05 June 2008 – by Cormac Campbell

Make no mistake we, both Nordie and Mexican, are headed for recession.

In recent times we have earned well, lived fast and built enough houses to cater for what seems like half of Eastern Europe.

It was good while it lasted but the honeymoon is over, rising unemployment, plummeting house prices and the rising cost of living has forced the entire island to tighten its collective belt.

With the nightmare of negative equity facing people hoping to sell their once overpriced homes, Irishmen and women are being forced to look elsewhere to balance the books.

And unfortunately tickets to events are likely to be among the first luxuries to go.
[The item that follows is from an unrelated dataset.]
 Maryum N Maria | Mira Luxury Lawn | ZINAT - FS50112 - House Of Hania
Already there are indications of this with tickets for established artists such as Bruce Springsteen and Prince still available at the 11th hour it seems unlikely that our fledgling boxing industry will emerge unscathed.

The month of July will go a long way to highlighting just how far the rot has set in.
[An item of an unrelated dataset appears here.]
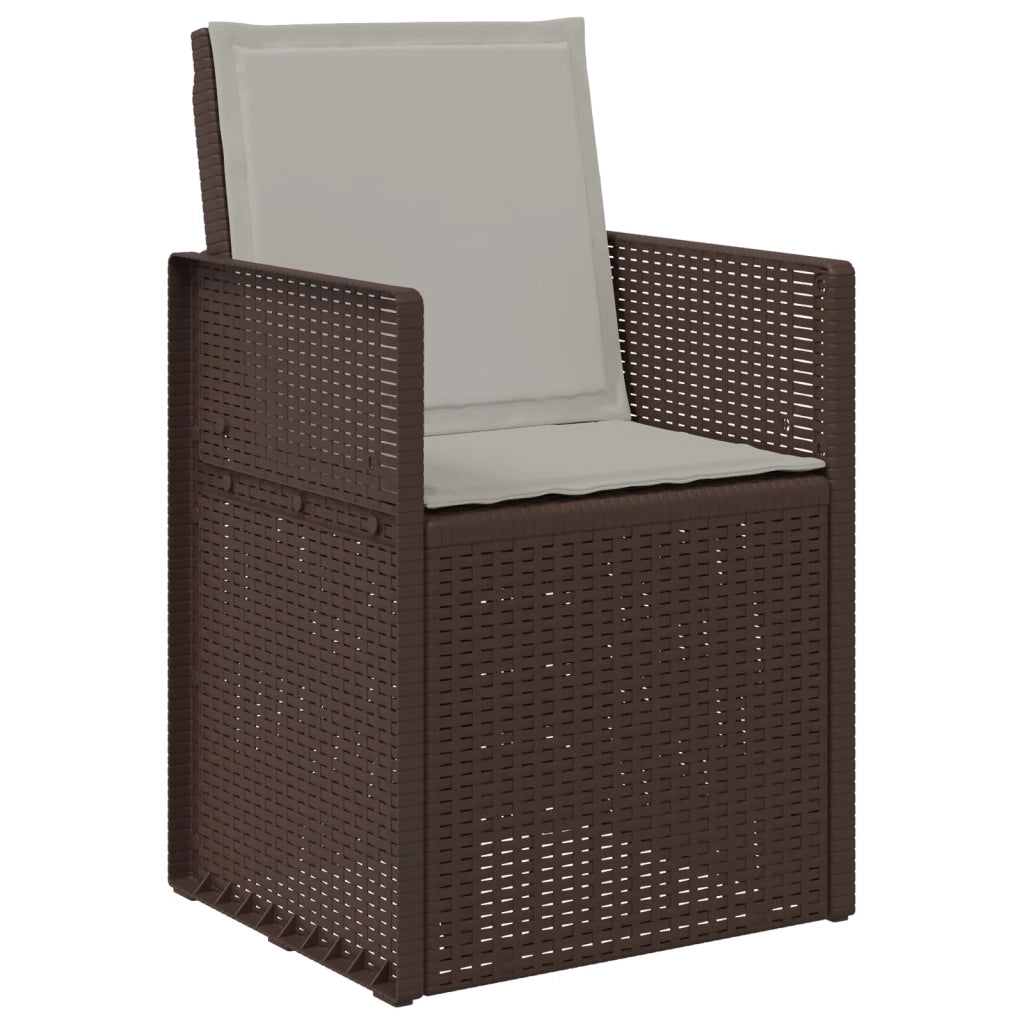 Set da Pranzo per Giardino 3 pcs Marrone e Grigio Chiaro PP 3430046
Three quality bills which would have been expected to sell out in a flash just a year ago – may now struggle to shift units.

What is equally unhelpful is the refusal of the British Government to adjust its taxation policy in the North to match that in the Republic, meaning bills in Belfast Irelands largest boxing market – look likely to remain as rare as hens teeth.

Pardon the dreadful pun, but Irish boxing must come out fighting if it is to retain its market share.

What is helpful is the Irish passion for live sport. Thousands of us cross the Irish Sea week in week out for soccer games featuring the likes of Celtic, Rangers, Manchester United, Liverpool and Arsenal. That number, in all honesty is likely to plummet.

If boxing can stand together and that means promoters Brian Peters and Tommy Egan working around one another then the industry has an opportunity to satiate the Irish desire for top class live sport and actually grow.

Moreover, if times get really tough our desire to pay a monthly direct debit for Pay TV sports channels is likely to wane. Couple that with the fact that professional boxing looks likely to remain a fixture on both RTE and TV3 over the next 12 months and we may weather the worst of the economic storm.

But to do so our boxers need to be more vocal. They need to sell themselves, get out there and meet the fans. To say they should be turning up at the opening of an envelope is not an exaggeration, should they wish fans to part with hard earned cash to see them perform.

Promoters also have to plan sensibly. Given the current climate, smaller is perhaps better. The days of 8,000 packing the Point Depot are unlikely to be repeated in the near future (unless Ricky Hatton books a date at Croke Park) and as such regular events in smaller venues such as the National Stadium, Letterkenny, Limerick, and a reopened Ulster Hall can continue to sell out and offer our best boxers regular contests.

The depth of cards may need to be cut in order to ensure competitive pricing but with a little forward planning, Irish boxing can continue to thrive in uncertain economic times.